Commercial Litigation/Securities & Banking

Miner, Barnhill, & Galland has a significant and varied commercial litigation practice, particularly in the areas of securities fraud, antitrust, and consumer class actions. It was one of the lead plaintiffs' firms in the largest securities case brought against Michael Milken and Drexel Burnham, which resulted in a recovery for the class in excess of $150 million. The firm has also been counsel in a number of other large class actions, including antitrust lawsuits against a major publisher of Bar Review materials, against a real estate brokers' association for price fixing, against the manufacturers of laser eye surgery equipment, and the vitamin industry. It represented a nationwide class of lot purchasers against a major Colorado land developer for securities fraud and violations of the Interstate Land Sales Full Disclosure Act. The firm has just settled two large-scale class actions in the rent-to-own business (usury violations) for $9.3 million (E.D. Pa.) and $16.25 million (E.D. Wis.), and is presently litigating antitrust actions on behalf of indirect purchasers in connection with the glass industry and the sanitary paper industry.

The firm has also developed a significant practice over the past ten years in litigation against banks.

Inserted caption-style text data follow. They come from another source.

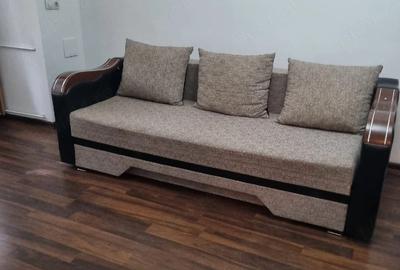 Apartament cu 2 camere semidecomandat în Central - 9
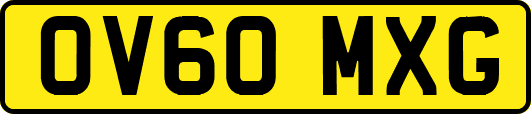 OV60MXG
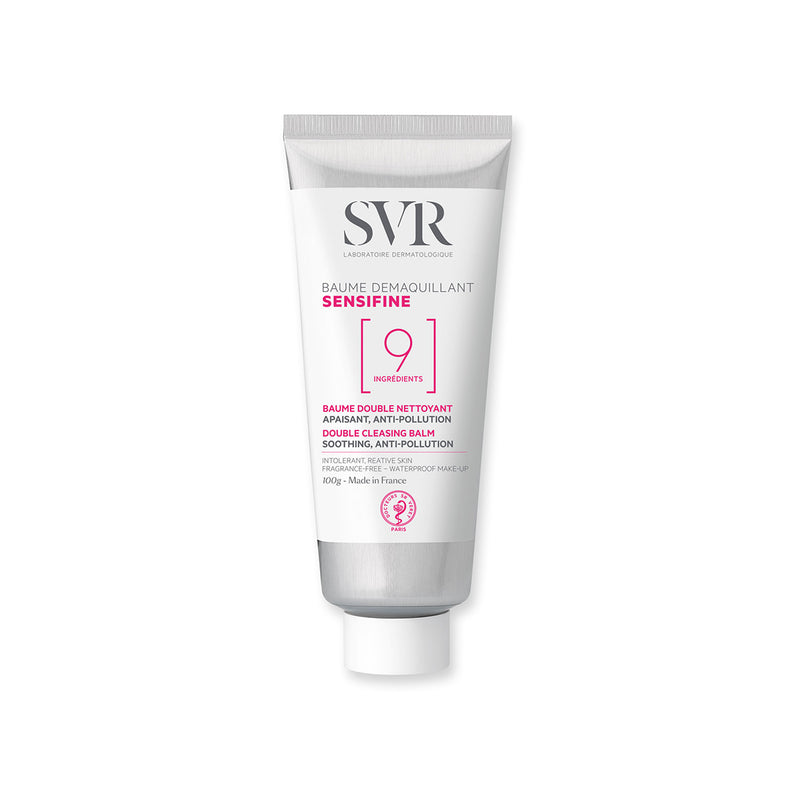 SENSIFINE Balm-to-Oil Double Cleanser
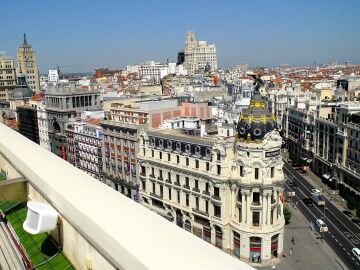 Círculo de Bellas Artes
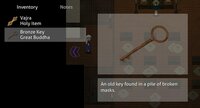 Cross The Boundaries (itch) screenshot, image №2957241 - RAWG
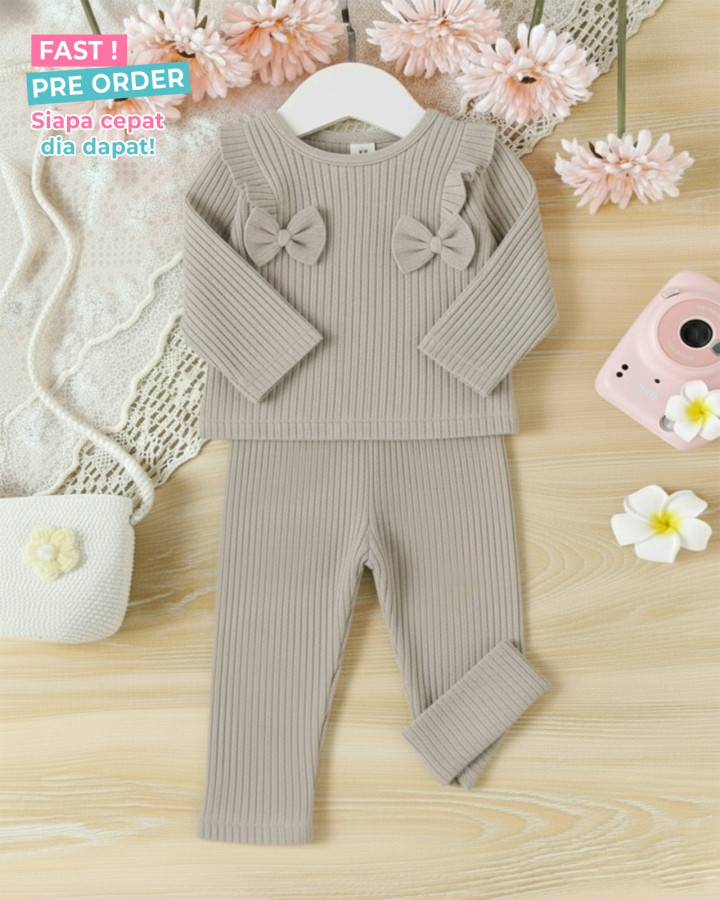 FAST PO SHEQUILA ONE SET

This practice is led by William Dixon. Some of the larger lender liability litigation handled by the firm since 1990 includes:

  • Pelletech, Inc. v. Norwest Bank . Following trial and appeals, the firm recovered approximately $2 million for this small business after the defendant bank failed to disburse the entire amount of its loan commitment.
  • Brown v. Security Capital . This action alleged fraud on the part of a savings and loan association, when it converted to a stock form of ownership. The claims of the plaintiff class were settled in 1996 for $12 million.
  • Mrazek v. Firstar Bank Southeast . The firm represented a successful real estate developer who claimed the bank threatened to hurt his businesses if he did not permit it to cancel their leases for branch offices at the time it was trying to sell the bank. Following two jury trials and an appeal, damages were upheld by the Court of Appeals at over $3.5 million. The bank subsequently settled the matter.